Lot Vekemans’in yazdığı, Şaban Ot’ un dilimize çevirip yönettiği “Zehir”in dramaturgluğunu Özge Ökten üstlenmiş.
Nihal Kaplangı’nın sahne ve kostüm, Murat Selçuk’un ışık, Hanefi Toprak’ın efekt, Onur Uğurlu’nun kostüm uygulama, Nesrin Kadıoğlu’nun fotoğraf çekimleri ve Doğan Şirin’in yardımcı yönetmenliğini gerçekleştirdiği “Zehir” her detayı ile sıra dışı bir piyes.
Eserin rejisi, dekor, kostüm, oyunculuk, ışık, efekt, müzik, sahne plastiğiyle kusursuz biçimde alaşımlanmış.
Yürek bukan o hüzün. Yaşamın herhangi bir anından alınmış bir kesit.
Hani, bazen “donakaldım” veya “nutkum tutuldu” deriz ya, aynen öyle.
Kadın ve Erkek.
31 Aralık 1999’dan bugüne geçen zamana birden çok hayat sığdırmışlardı. İçlerinde yankılanan sese kulak vermek, kalplerinin arka bahçesinde dolaşmak, onlar için artık çok da zor olmamalıydı. Ama yine de kendi sürgünlerindeydiler.
Göz kenarlarında biriken gözyaşlarını kimse görmemeliydi. Anılarından, yaşadıkları o büyük acıdan, ödeşme ve yok saydıkları özlemlerden yorgun düşmüşlerdi nicedir. Belki yeniden başlayabilirlerdi? Başlayabilirler miydi sahiden?
Sesleri içlerinde boğulmuştu. Fonda hep o matem. Travmalarla dolu bir kopuş vardı.
Mezarlıkta kurumuş otların, çiçeklerin kokusu.
Yağmur yağıyordu. Gözyaşı da.
Adları yoktu. Kadın ve Erkek’tiler sadece.
Ve geriye dönüp baktıklarında ne denli yetersizlik, ne kadar düş kırıklığı, mutsuzluk yaşadıklarını ayrımsıyorlardı. Pişmanlık mı, belki de.
Ne tuhaf, hüzün gitgide yalnızlığa karışmaktaydı. Bundan sonrası hep kırıklıktı. Bundan öncesi gibi.

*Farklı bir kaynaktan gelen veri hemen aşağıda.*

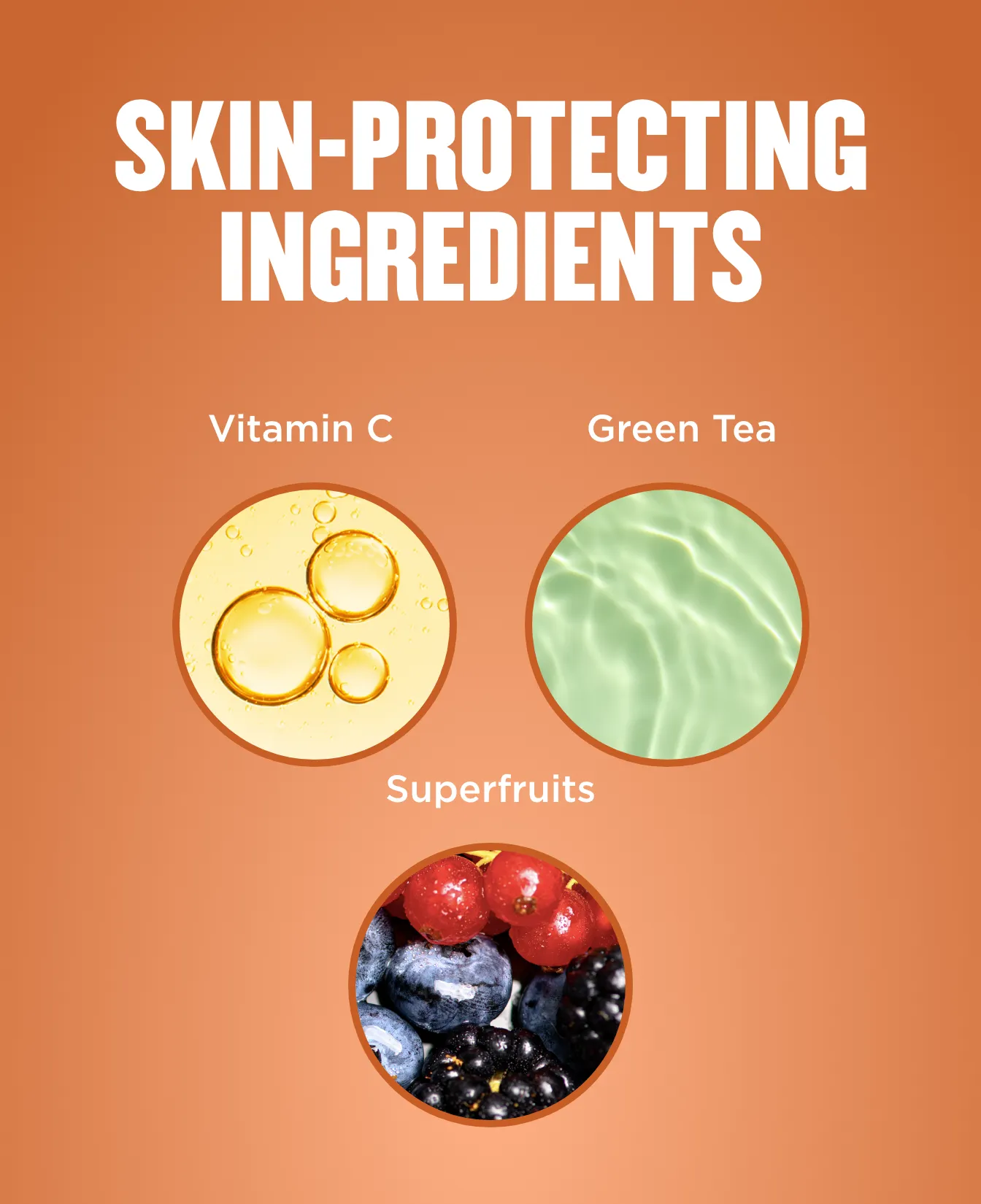 Gold Bond® Antioxidant Defense Body and Face Lotion benefits and statements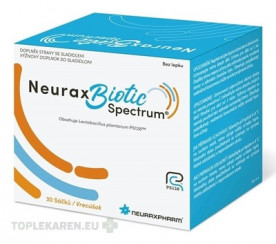 NeuraxBiotic Spectrum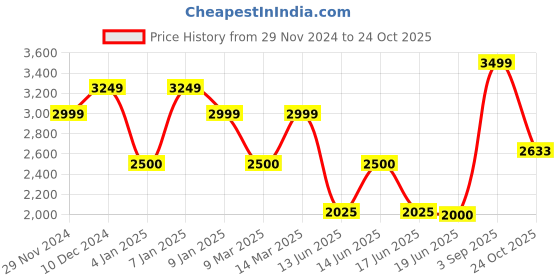 ajio.com van heusen Men Lace-Up Oxford Shoes van heusen Price History Graph from 29 Nov 2024 to 24 Oct 2025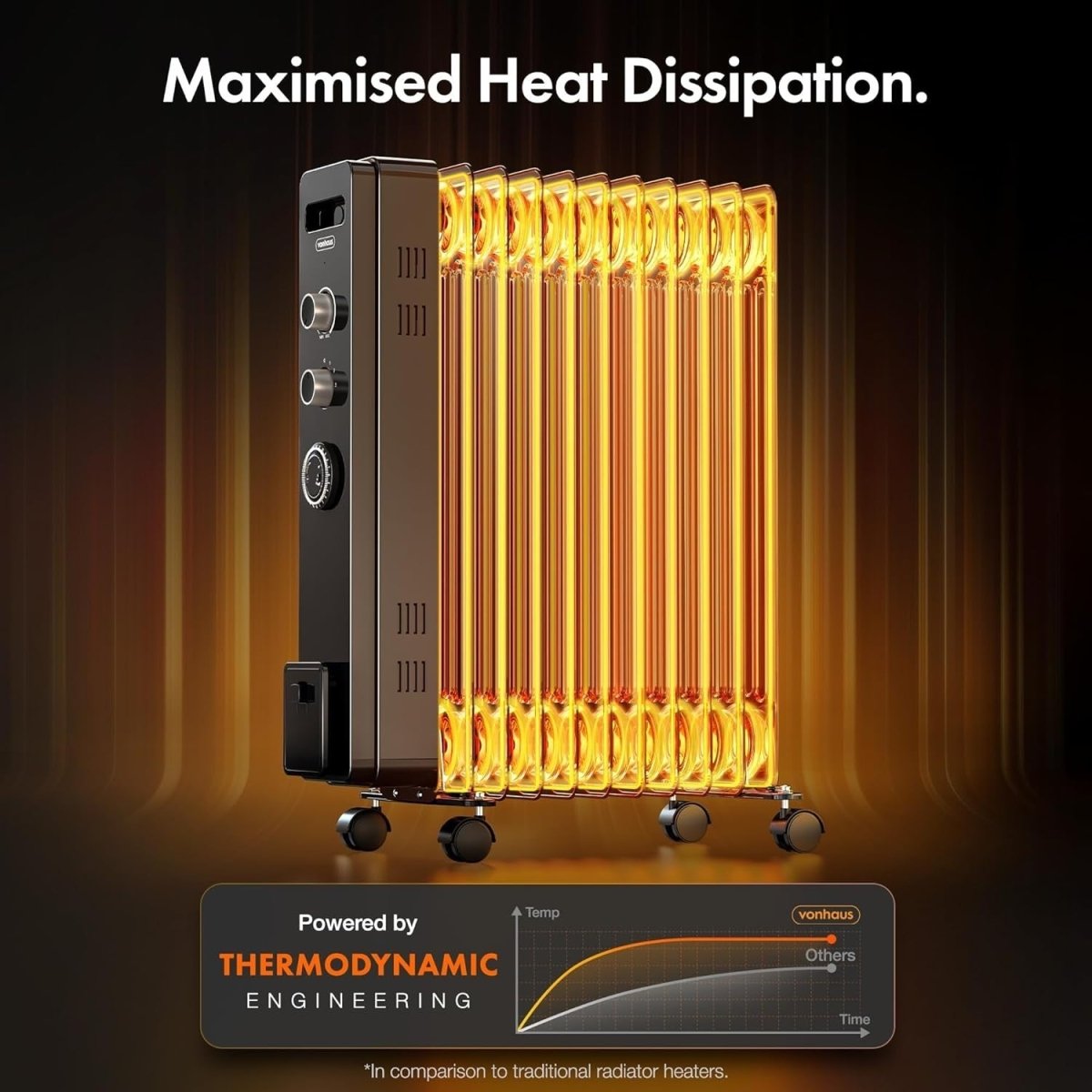 Oil Filled Radiator 2500W Electric Heater 11 Fin Timer Thermostat Wheels - Kwikley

“Zehir” Sevinç Erbulak – Ahmet Saraçoğlu ve Aslıhan Kandemir -Eraslan Sağlam’lı iki ayrı kadro ve farklı yorum ile sergilenmekte.
Erbulak – Saraçoğlu’ndan izledim oyunu, en kısa zamanda Kandemir / Sağlam’dan da izleyeceğim.
Hemen belirteyim ki, Erbulak ve Saraçoğlu bilenmiş ustalıklarına, dinamizm ve zamanlama tekniklerini katarak, belleklerde uzun yıllar canlı kalacak bir oyunculuğa imza atmışlar ve başarılarına bir yenisini daha eklemişler. Kısaca, her repliğin, her sahnenin hakkını vermişler. “O kadın Sevinç Erbulak, o adam Ahmet Saraçoğlu’dur imgesi”ni yaratıcı, sahici, inandırıcı oyunculuklarıyla var kılmışlar. Karakterlerin hissettiklerini, duygu durumlarını izleyiciye kusursuzca yansıtmışlar.
“Zehir” de, kalıplaşmış, dar, kısıtlı geometrilere sığınmadan “kesişme, buluşma, ayrılık” öylesine güzel anlatılmış ki, bu oyunu özellikle öneririm.